Rechtsmacht en toepasselijk recht
5.1
De kinderrechter constateert dat de ouders en [minderjarige] de Poolse nationaliteit hebben. Dit brengt mee dat de zaak een internationaal karakter heeft, waardoor de kinderrechter dient te beoordelen of hem in deze zaak rechtsmacht toekomt. Indien dit het geval is, dient de kinderrechter het toepasselijke recht te bepalen.
5.2
Ingevolge artikel 7 lid 1 van de verordening Brussel II-ter zijn ter zake van de ouderlijke verantwoordelijkheid bevoegd de gerechten van de lidstaat op het grondgebied waarvan de minderjarige zijn gewone verblijfplaats heeft op het tijdstip dat de zaak bij het gerecht aanhangig wordt gemaakt. Onder ouderlijke verantwoordelijkheid valt onder meer ondertoezichtstelling van minderjarigen alsmede de verlenging daarvan. Nu [minderjarige] zijn gewone verblijfplaats in Nederland heeft, komt de Nederlandse rechter rechtsmacht toe.
5.3
Nu de Nederlandse rechter bevoegd is op het verzoek te beslissen, zal op grond van artikel 15 van het Haags Kinderbeschermingsverdrag 1996 Nederlands rechtop het verzoek worden toegepast.
Inhoudelijke beoordeling
5.4
Uit de overgelegde stukken en hetgeen is besproken tijdens de mondelinge behandeling is de kinderrechter van oordeel dat [minderjarige] nog steeds ernstig in zijn ontwikkeling wordt bedreigd en dat is voldaan de criteria voor een ondertoezichtstelling zoals genoemd in artikel 1:255 BW. Gebleken is dat de ouders het afgelopen jaar hard hebben gewerkt. Er zijn flinke positieve stappen vooruit gezet. Het verblijf in het [moeder-kindhuis] heeft de moeder en [minderjarige] goed gedaan.

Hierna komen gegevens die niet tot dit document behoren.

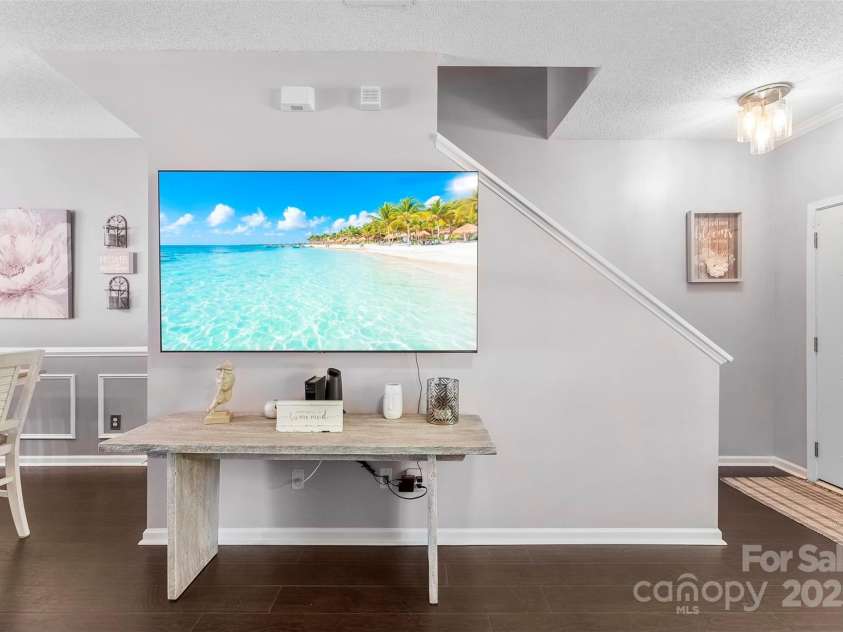 8814 Gerren Court, Charlotte, NC 28217.  MLS# CAR4249961, YatesRealty ID 11167. 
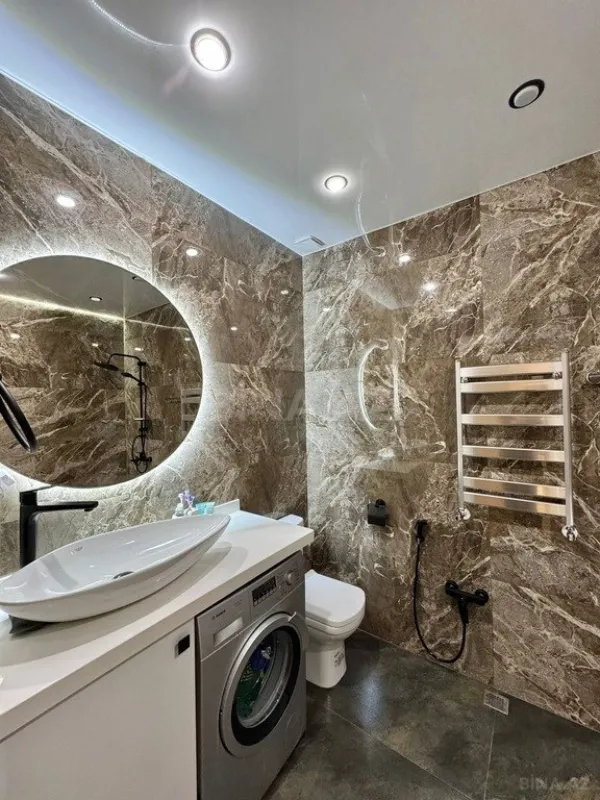 Satılır 4 otaqlı mənzil 178 m²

Er is meer zicht gekomen op de opvoedvaardigheden van de moeder en gebleken is dat de moeder zelfstandig in staat is [minderjarige] de basale zorg te bieden die hij nodig heeft. De moeder werkt hard aan zichzelf. Zij verdient hiervoor een compliment. Ook de vader heeft het afgelopen jaar stappen gezet. Zo is er sprake van een structurele omgang met [minderjarige] die goed verloopt en houdt de vader zich aan de afspraken die gemaakt zijn met de hulpverlening. Ook de vader verdient hiervoor een compliment. De kinderrechter vindt de positieve ontwikkelingen echter nog pril en zal om die reden het verzoek van de GI tot verlenging van de ondertoezichtstelling toewijzen. Het is nodig dat de GI het komende jaar nog betrokken blijft bij de ouders en [minderjarige] . Er moet nog worden onderzocht waar de moeder met [minderjarige] kan gaan wonen zodra zij het moeder-kindhuis moet verlaten. Bij dit traject heeft de moeder de hulp van de GI nodig. Er moet onder leiding van de GI worden gewerkt aan een perspectiefplan op basis waarvan de moeder zelfstandig de zorg voor [minderjarige] op zich kan nemen. Ook moet de rol van de vader de komende periode verder worden vormgegeven en moet er gewerkt worden aan de samenwerking tussen de ouders. Gelet op het voorgaande en het feit dat beide ouders geen verweer voeren tegen het verzoek van de Raad zal de kinderrechter de ondertoezichtstelling van [minderjarige] verlengen voor de duur van één jaar.
5.5
De kinderrechter zal deze beslissing uitvoerbaar bij voorraad verklaren omdat het in het belang van [minderjarige] is dat de beslissing ondanks een eventueel hoger beroep meteen kan worden uitgevoerd.

6.De beslissing

De kinderrechter:
6.1
verlengt de ondertoezichtstelling van [minderjarige] met ingang van 6 januari 2024 en tot 6 januari 2025;
6.2
verklaart deze beschikking uitvoerbaar bij voorraad.
Deze beslissing is mondeling gegeven en in het openbaar uitgesproken op 15 december 2023 door mr. De Beer, kinderrechter, in tegenwoordigheid van mr. Duerink-Bottinga, als griffier en op schrift gesteld op 29 december 2023.
Hoger beroep tegen deze beschikking kan worden ingesteld:
- door de verzoekers en de belanghebbende(n) aan wie een afschrift van de beschikking is verstrekt of verzonden, binnen drie maanden na de dag van de uitspraak;
- door andere belanghebbenden binnen drie maanden na de betekening daarvan of nadat de beschikking aan hen op een andere wijze bekend is geworden.
Het hoger beroep moet, door tussenkomst van een advocaat, worden ingediend bij de griffie van het gerechtshof te ‘s-Hertogenbosch.